Taliban, not civilians, killed in NATO Afghan strike, says Berlin
Berlin said the German commanding officer in Kunduz ordered the air strike and recalled that NATO rules state that no such attack should take place if civilians are thought to be present.Berlin -- The German army said on Friday it was confident that those killed in a NATO airstrike on hijacked fuel tankers in the northern Kunduz region of Afghanistan were Taliban militants, not civilians.
"As far as we know at the moment, more than 50 insurgents were killed. We believe there were no non-combatant casualties.
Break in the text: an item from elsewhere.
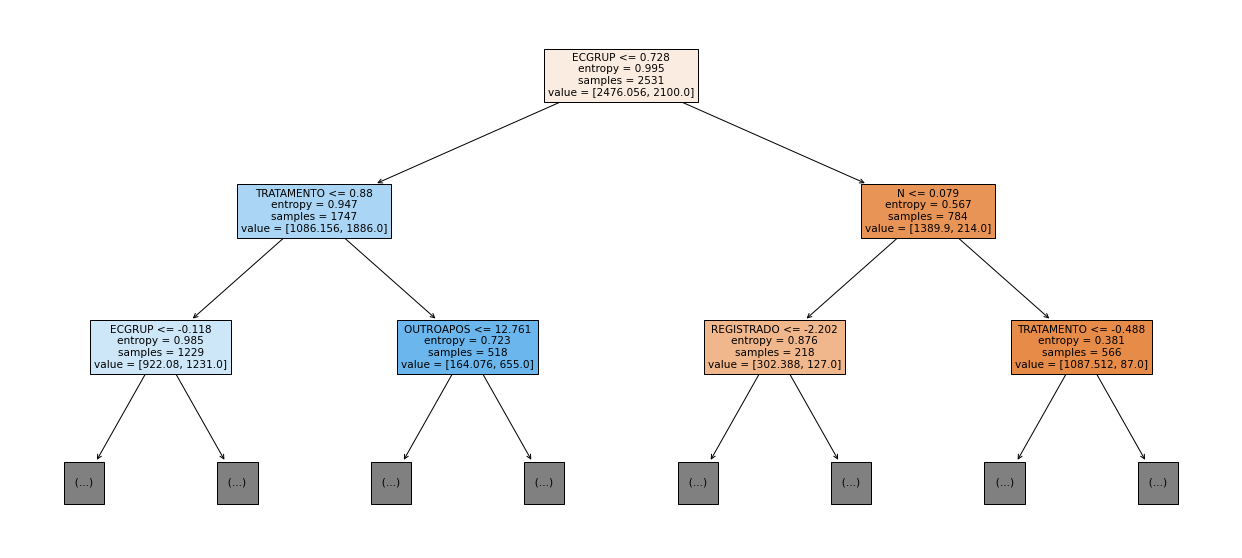 _images/Label_-_vivo_ano5_464_0.png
There were no German casualties," an army statement said, revising an earlier toll of 56.
A spokesman for the defence ministry, Christian Dienst, dismissed what he described as "speculation" and "enemy propaganda" reports that civilians were also killed in the air strike, which took place at 2:30 am local time.
Speaking at a regular briefing, Dienst said the German commanding officer in Kunduz ordered the air strike and recalled that NATO rules state that no such attack should take place if civilians are thought to be present.
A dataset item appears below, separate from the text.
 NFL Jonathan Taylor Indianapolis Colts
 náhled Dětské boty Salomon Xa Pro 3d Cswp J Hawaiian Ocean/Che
"I am firmly convinced that he stuck to the rules of engagement," he said.
Earlier, a German army spokesman had told AFP: "We are fairly certain that they were all insurgents, but we are not 100 percent sure."
Afghan officials have put the death toll much higher.
A spokesman for the Kunduz provincial government, Mahbubullah Sayedi, told AFP: "Some 90 people were killed in this incident and most of them are Taliban."
NATO Secretary-General Anders Fogh Rasmussen pledged later Friday to conduct a thorough investigation into the bombing.
A health ministry spokesman in Kabul, Farid Rahid, said that between 200 to 250 villagers were believed to have gathered to help themselves to fuel from tankers hijacked by the fighters.
At present, Germany has 4,200 troops in Afghanistan as part of NATO's International Security Assistance Force, of which 900 are stationed in Kunduz.
Thirty-five German soldiers have died in Afghanistan since the army deployed troops there in 2002, 18 of them in combat or bombings.
In a separate and unrelated incident on Thursday, four German troops were wounded after they came under fire from rebels carrying rifles and bazookas some 60 kilometres northeast of Kunduz.
One of the injured soldiers has been flown back to Germany for treatment, the spokesman said, adding that several German armoured cars were damaged in the battle.
There has been a "clear escalation" in the number of incidents when compared to last year, the spokesman said.